Task details>
Each line below from the one containing "Ιστορία του Χριστού" through the one containing "SEEDIQ Настенный светильник" is to be given again exactly, and no line outside that span.

Dataset extract>
____________

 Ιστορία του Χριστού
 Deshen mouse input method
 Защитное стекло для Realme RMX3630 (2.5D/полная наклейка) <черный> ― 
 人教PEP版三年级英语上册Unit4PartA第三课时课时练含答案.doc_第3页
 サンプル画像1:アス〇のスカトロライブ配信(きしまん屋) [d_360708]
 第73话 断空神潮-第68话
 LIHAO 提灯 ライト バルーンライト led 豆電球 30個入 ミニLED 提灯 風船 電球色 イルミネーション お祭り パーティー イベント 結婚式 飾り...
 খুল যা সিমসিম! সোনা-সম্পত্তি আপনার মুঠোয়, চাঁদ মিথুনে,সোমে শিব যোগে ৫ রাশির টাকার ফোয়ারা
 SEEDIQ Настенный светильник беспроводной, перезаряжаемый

____________

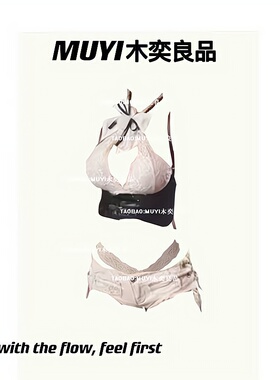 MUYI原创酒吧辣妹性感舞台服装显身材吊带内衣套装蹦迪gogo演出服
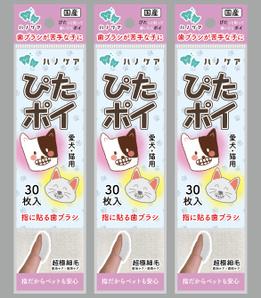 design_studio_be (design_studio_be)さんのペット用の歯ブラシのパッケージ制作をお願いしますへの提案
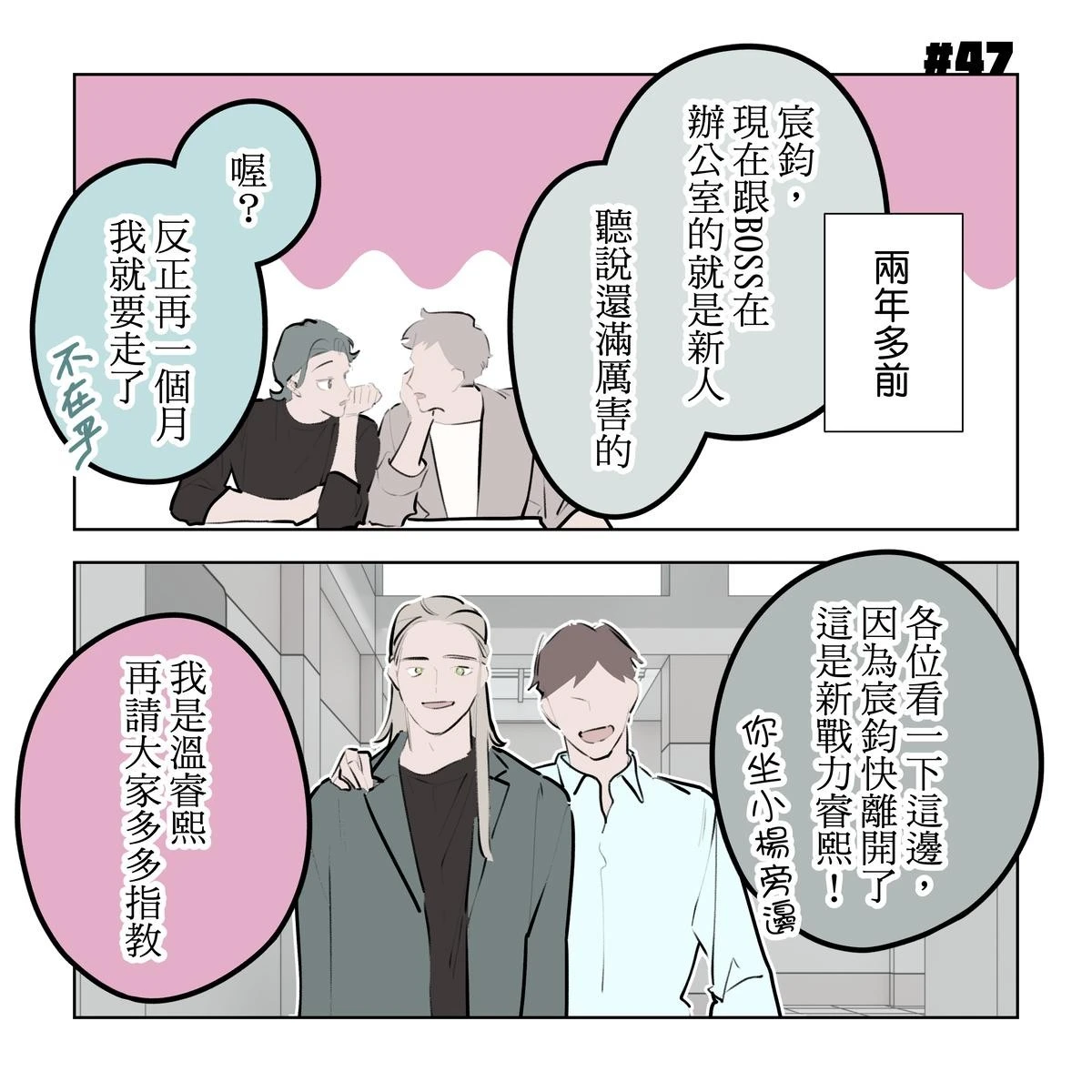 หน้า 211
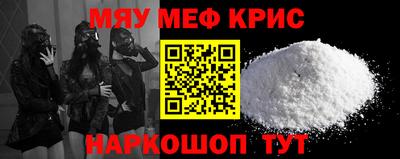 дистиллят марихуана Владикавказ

____________

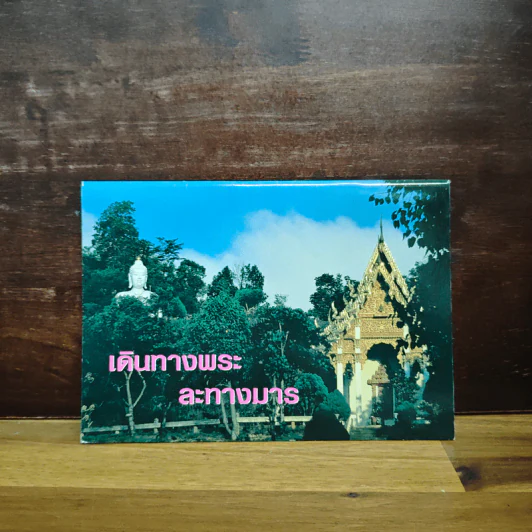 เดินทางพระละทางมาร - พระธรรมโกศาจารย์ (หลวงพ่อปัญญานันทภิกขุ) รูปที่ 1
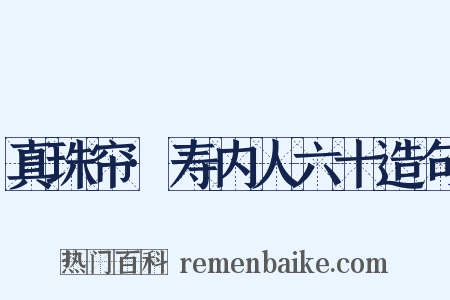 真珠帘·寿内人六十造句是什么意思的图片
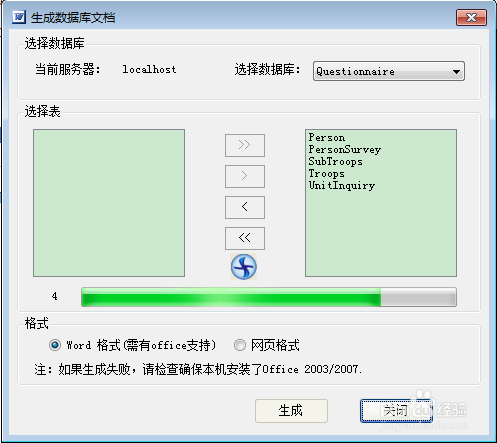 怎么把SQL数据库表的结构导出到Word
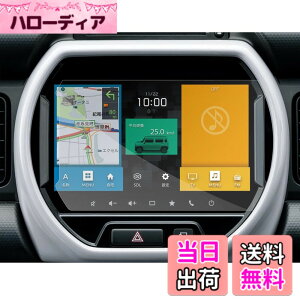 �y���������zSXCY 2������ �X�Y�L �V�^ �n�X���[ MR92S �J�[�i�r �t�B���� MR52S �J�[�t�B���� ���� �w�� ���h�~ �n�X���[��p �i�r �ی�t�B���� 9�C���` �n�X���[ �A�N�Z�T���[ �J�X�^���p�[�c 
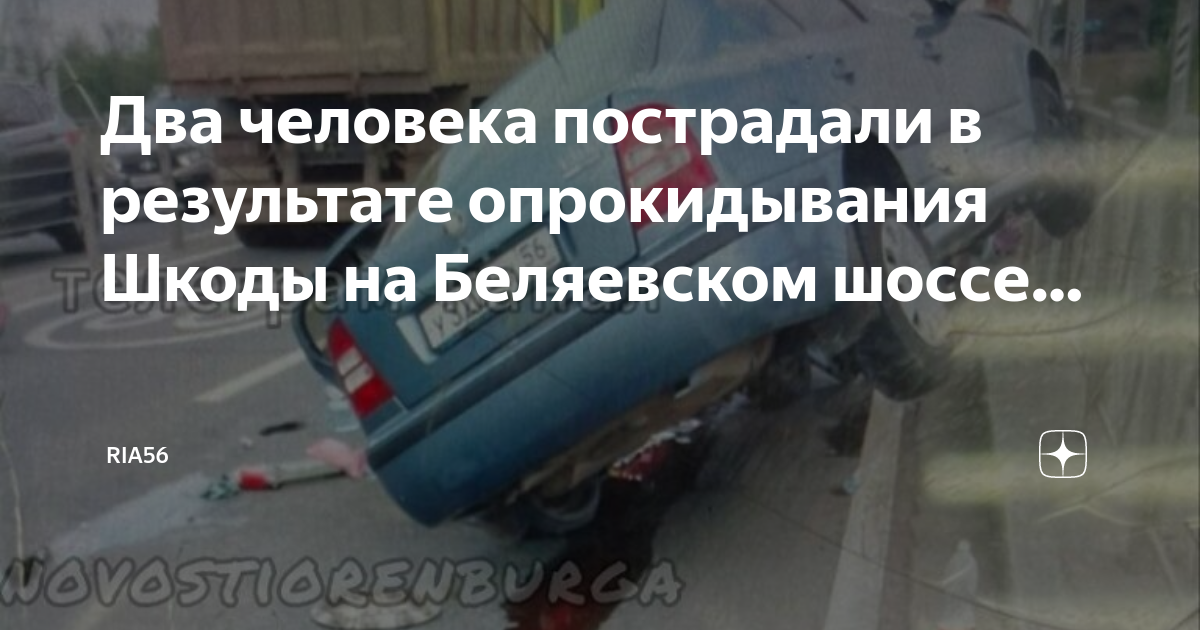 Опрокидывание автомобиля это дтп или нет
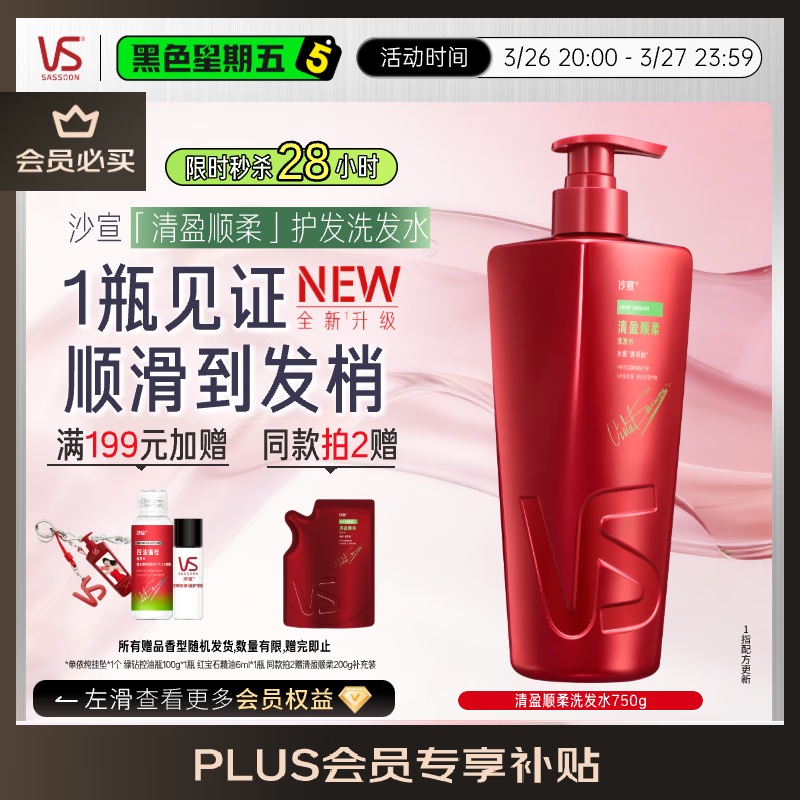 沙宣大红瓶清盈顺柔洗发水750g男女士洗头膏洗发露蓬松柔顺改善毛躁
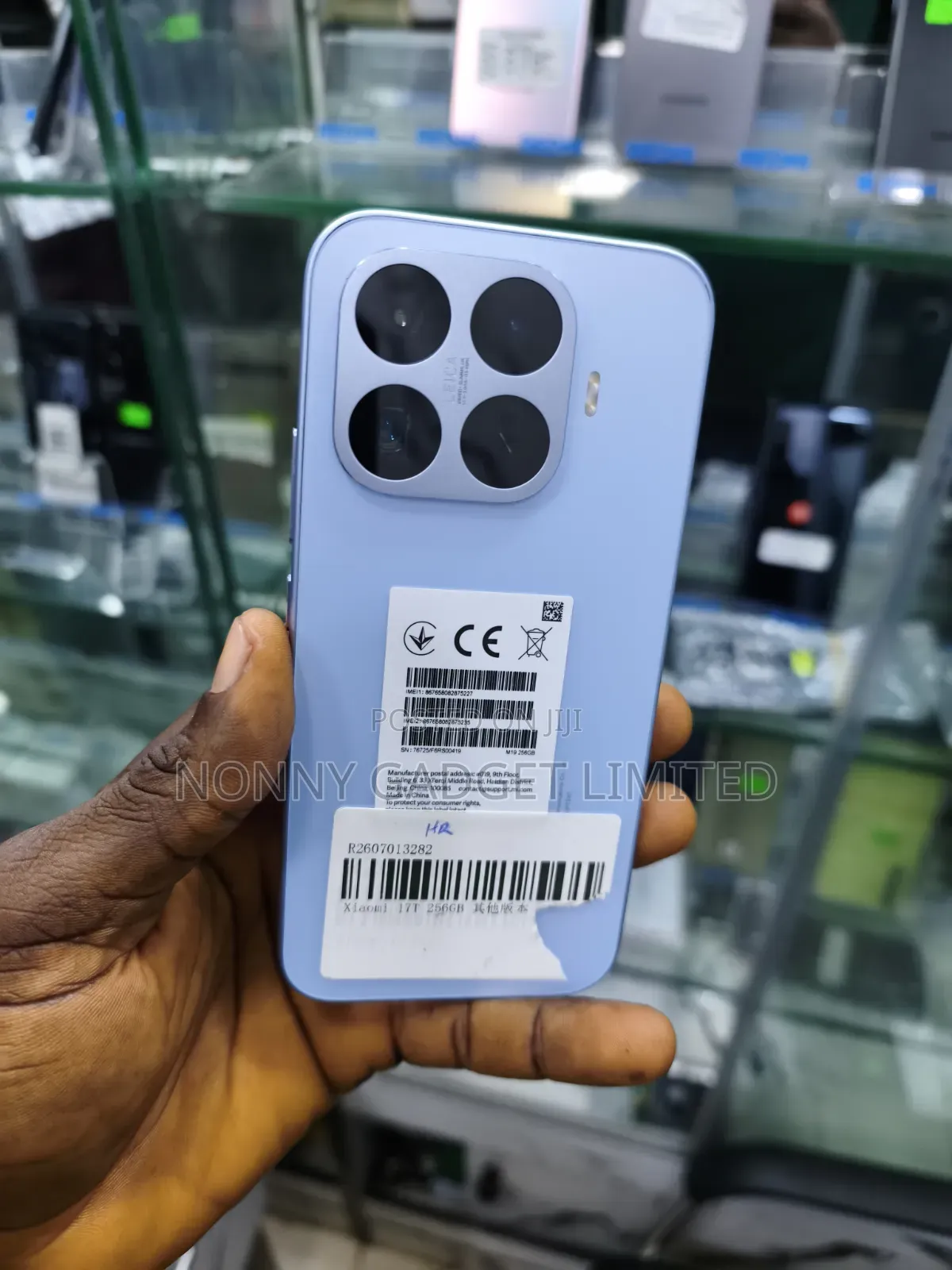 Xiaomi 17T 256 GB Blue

____________

Expected answer>
 Ιστορία του Χριστού
 Deshen mouse input method
 Защитное стекло для Realme RMX3630 (2.5D/полная наклейка) <черный> ― 
 人教PEP版三年级英语上册Unit4PartA第三课时课时练含答案.doc_第3页
 サンプル画像1:アス〇のスカトロライブ配信(きしまん屋) [d_360708]
 第73话 断空神潮-第68话
 LIHAO 提灯 ライト バルーンライト led 豆電球 30個入 ミニLED 提灯 風船 電球色 イルミネーション お祭り パーティー イベント 結婚式 飾り...
 খুল যা সিমসিম! সোনা-সম্পত্তি আপনার মুঠোয়, চাঁদ মিথুনে,সোমে শিব যোগে ৫ রাশির টাকার ফোয়ারা
 SEEDIQ Настенный светильник беспроводной, перезаряжаемый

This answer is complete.